INFORMATION GIVEN
*-*-*
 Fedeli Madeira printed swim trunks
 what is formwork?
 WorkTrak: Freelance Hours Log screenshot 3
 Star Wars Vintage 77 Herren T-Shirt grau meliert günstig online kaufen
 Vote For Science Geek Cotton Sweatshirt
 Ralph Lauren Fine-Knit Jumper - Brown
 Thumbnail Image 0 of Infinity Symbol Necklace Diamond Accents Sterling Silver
*-*-*
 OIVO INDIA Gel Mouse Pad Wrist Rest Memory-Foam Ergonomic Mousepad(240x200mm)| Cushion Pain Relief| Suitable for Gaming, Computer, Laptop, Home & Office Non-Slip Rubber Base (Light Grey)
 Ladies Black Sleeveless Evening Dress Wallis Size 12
*-*-*
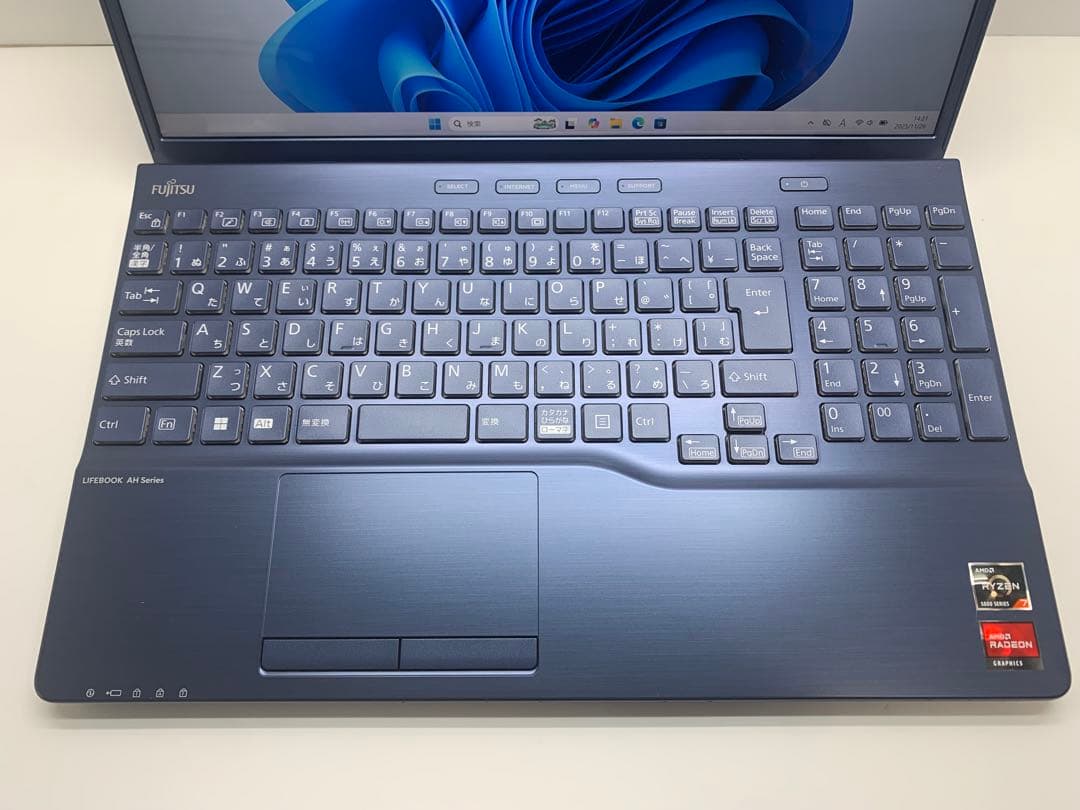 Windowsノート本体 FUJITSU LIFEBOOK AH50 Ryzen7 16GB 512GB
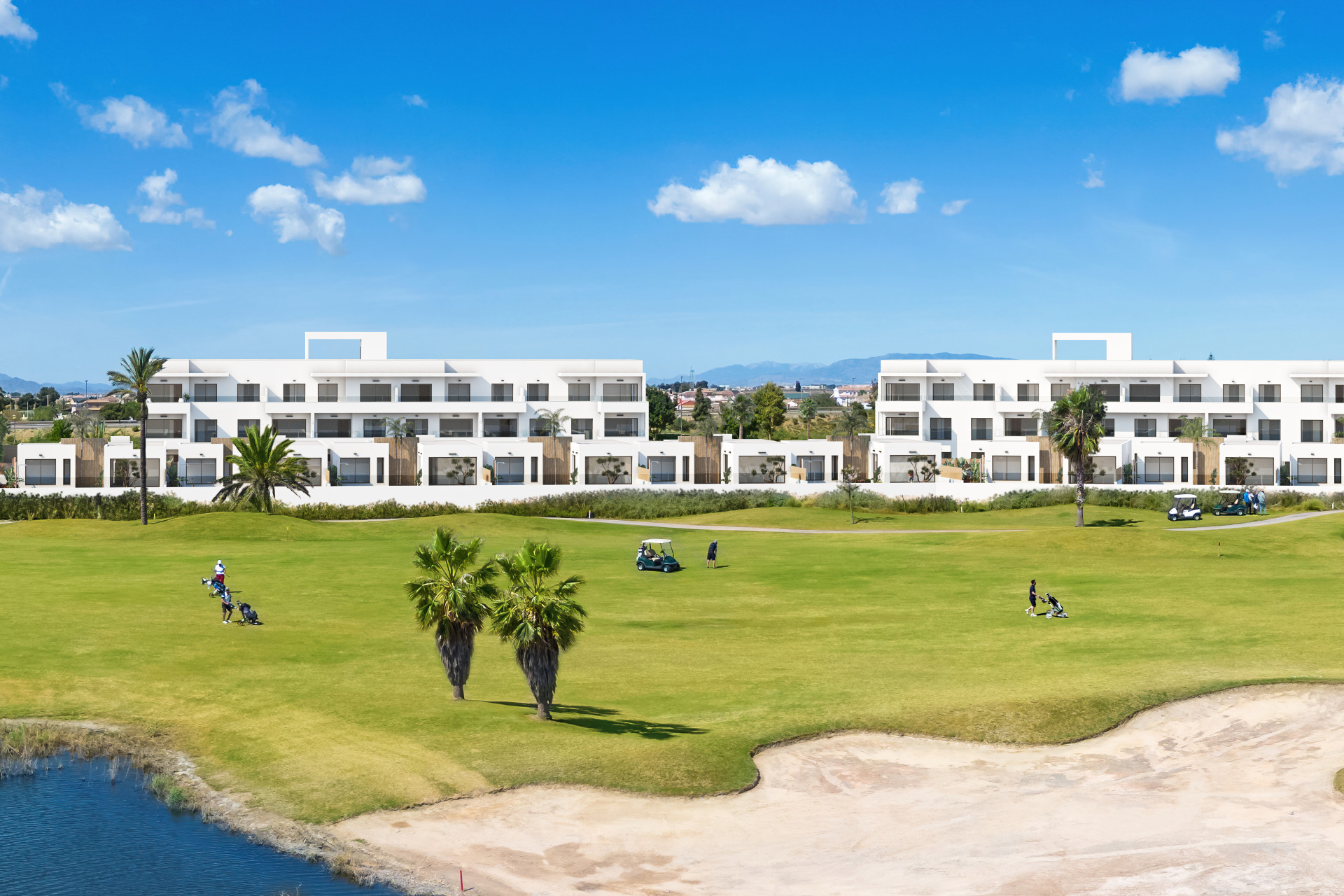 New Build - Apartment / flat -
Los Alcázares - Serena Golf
*-*-*
WHAT IS EXPECTED
Look in the material above for the line with "OIVO INDIA Gel" and the line with "Ladies Black Sleeveless", and transcribe exactly those lines and all lines between them, nothing more.

REPLY TO THE TASK
 OIVO INDIA Gel Mouse Pad Wrist Rest Memory-Foam Ergonomic Mousepad(240x200mm)| Cushion Pain Relief| Suitable for Gaming, Computer, Laptop, Home & Office Non-Slip Rubber Base (Light Grey)
 Ladies Black Sleeveless Evening Dress Wallis Size 12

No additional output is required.